Te Rāpaki-o-Te Rakiwhakaputa, commonly known as Rāpaki or Rapaki, is a small settlement within the Lyttelton Harbour basin.

Rāpaki is one of four Banks Peninsula rūnanga (communities) based around marae (tribal meeting grounds). The Rāpaki Marae, also known as Te Wheke Marae, is a meeting ground of Ngāi Tahu and its Te Hapū o Ngāti Wheke branch. It includes a wharenui (meeting house), called Te Wheke to be opened in 2008, was carved by Riki Manuel and Fayne Robinson and the tukutuku panels were overseen by local weaver 'Aunty' Doe Parata. The carvings of the wharenui trace the almost 400 years of continuous settlement related to the arrival of the ancestor Te Rakiwhakaputa.
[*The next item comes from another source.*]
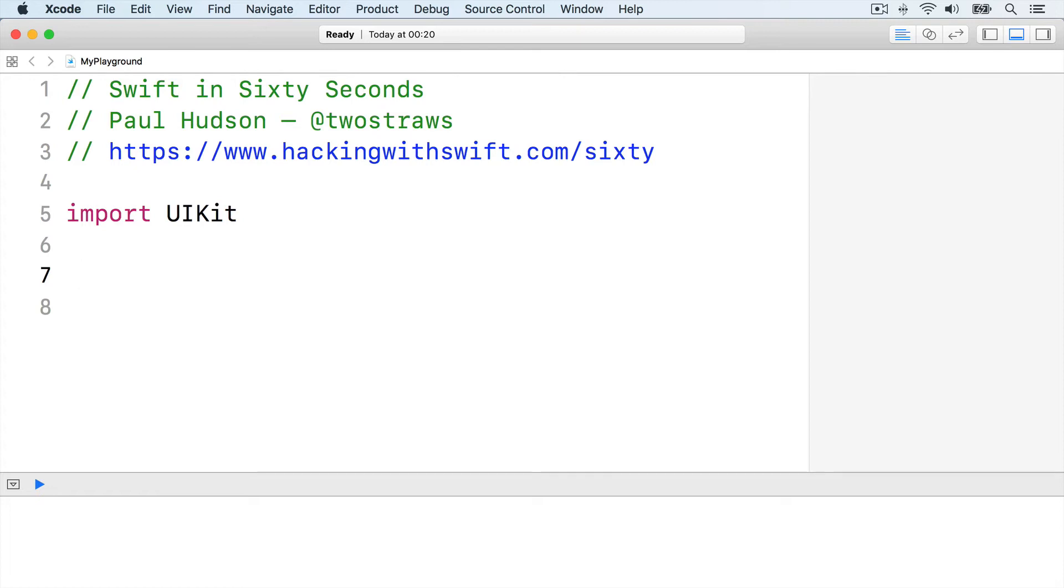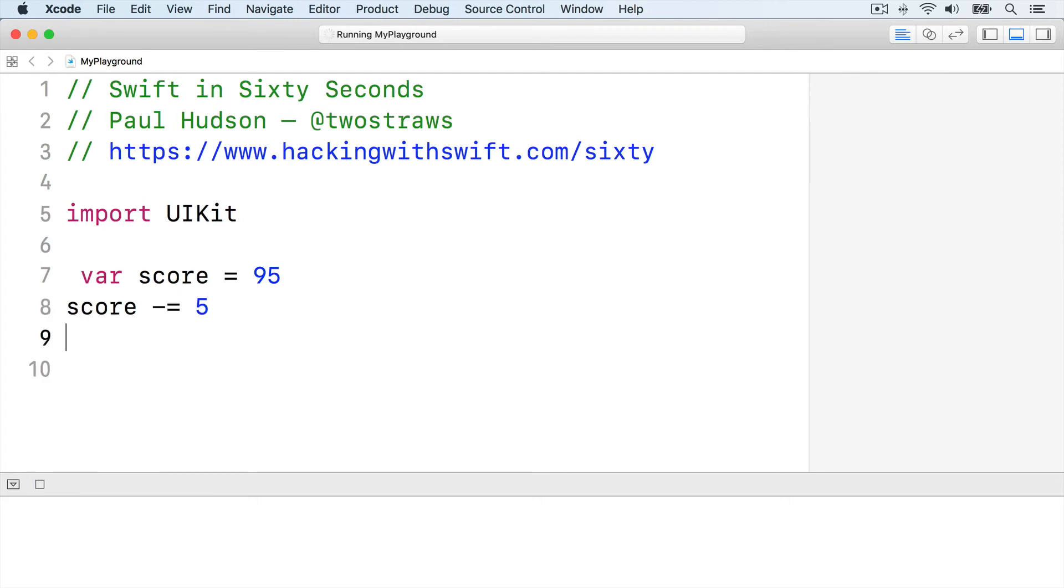For example, if someone scored 95 in an exam but needs to be penalized 5 points, you could write this: var score equals 95, score minus equals 5.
Rāpaki is overlooked by the peak Te Poho o Tamatea. According to one legend, the Ngāi Tahu chief Te Rakiwhakaputa named the place by laying his waist mat (rāpaki) down to claim it. The full name of Rāpaki is Te Rāpaki-o-Te Rakiwhakaputa, meaning the waist mat of Te Rakiwhakaputa. On 8 July 2020, the New Zealand Geographic Board assigned the full name as the official name of the locality.